(Web page caption snippets)
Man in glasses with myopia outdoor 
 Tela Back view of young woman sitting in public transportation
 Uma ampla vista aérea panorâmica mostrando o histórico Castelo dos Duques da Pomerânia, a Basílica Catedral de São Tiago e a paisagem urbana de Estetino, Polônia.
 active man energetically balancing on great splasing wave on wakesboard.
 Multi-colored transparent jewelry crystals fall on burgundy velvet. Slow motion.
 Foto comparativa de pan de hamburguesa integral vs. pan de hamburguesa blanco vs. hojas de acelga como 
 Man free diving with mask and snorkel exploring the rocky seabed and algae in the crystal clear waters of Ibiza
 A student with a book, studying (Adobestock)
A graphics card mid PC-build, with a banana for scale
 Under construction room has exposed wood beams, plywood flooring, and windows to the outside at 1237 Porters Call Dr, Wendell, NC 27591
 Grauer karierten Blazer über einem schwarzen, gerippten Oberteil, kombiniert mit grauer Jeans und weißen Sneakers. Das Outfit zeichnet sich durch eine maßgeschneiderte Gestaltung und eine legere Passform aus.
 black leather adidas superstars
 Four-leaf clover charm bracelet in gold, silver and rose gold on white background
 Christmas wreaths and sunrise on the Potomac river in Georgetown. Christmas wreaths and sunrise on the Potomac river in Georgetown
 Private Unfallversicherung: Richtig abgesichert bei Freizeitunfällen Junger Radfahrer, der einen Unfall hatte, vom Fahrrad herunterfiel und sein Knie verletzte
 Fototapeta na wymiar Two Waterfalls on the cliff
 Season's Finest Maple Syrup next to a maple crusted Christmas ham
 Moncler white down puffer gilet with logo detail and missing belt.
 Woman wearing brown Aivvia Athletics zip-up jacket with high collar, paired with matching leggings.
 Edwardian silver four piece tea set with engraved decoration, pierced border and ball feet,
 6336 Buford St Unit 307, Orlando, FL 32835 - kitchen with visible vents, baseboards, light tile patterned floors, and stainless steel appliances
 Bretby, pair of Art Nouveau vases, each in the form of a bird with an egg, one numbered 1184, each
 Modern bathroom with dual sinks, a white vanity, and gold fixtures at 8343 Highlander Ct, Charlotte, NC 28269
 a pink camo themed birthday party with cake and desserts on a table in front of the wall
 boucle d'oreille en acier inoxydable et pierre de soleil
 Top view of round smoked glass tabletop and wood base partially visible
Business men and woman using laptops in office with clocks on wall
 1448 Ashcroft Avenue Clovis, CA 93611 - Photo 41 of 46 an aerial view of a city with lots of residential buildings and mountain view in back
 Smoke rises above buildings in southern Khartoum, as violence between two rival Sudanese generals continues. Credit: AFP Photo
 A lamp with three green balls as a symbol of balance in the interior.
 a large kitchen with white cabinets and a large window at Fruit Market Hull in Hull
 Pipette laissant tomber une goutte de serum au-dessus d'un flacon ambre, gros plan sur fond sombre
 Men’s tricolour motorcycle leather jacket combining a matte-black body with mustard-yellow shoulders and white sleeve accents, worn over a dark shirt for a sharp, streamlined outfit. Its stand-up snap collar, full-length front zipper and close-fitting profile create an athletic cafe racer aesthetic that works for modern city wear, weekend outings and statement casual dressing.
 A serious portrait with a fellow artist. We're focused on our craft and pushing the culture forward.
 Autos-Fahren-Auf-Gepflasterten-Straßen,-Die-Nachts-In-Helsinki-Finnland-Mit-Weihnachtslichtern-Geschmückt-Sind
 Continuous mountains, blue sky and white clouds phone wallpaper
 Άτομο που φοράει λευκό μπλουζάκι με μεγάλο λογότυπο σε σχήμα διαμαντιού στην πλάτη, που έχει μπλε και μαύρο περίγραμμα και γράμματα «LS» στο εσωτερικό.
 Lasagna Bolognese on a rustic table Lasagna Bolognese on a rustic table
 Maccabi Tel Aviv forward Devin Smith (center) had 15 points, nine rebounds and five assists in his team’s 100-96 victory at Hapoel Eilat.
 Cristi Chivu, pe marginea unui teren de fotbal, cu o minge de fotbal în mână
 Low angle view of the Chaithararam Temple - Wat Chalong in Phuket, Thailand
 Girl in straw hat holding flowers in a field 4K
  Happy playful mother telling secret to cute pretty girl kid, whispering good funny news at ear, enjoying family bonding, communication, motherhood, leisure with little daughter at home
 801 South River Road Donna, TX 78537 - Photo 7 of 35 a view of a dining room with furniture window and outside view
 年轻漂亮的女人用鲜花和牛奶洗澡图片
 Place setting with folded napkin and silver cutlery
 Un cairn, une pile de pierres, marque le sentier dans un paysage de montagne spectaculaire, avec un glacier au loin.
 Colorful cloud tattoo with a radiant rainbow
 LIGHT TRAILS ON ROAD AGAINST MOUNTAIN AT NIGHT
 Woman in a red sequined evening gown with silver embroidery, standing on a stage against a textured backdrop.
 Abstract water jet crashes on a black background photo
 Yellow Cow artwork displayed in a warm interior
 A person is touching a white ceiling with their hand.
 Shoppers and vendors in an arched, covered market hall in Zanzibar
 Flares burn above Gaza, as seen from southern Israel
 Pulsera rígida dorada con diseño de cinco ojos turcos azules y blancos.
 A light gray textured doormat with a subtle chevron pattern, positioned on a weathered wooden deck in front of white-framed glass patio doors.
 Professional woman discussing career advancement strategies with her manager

WORK TASK:
The number of lines in the data that contain the word "buildings" is all that should be stated.

EXERCISE RESPONSE:
2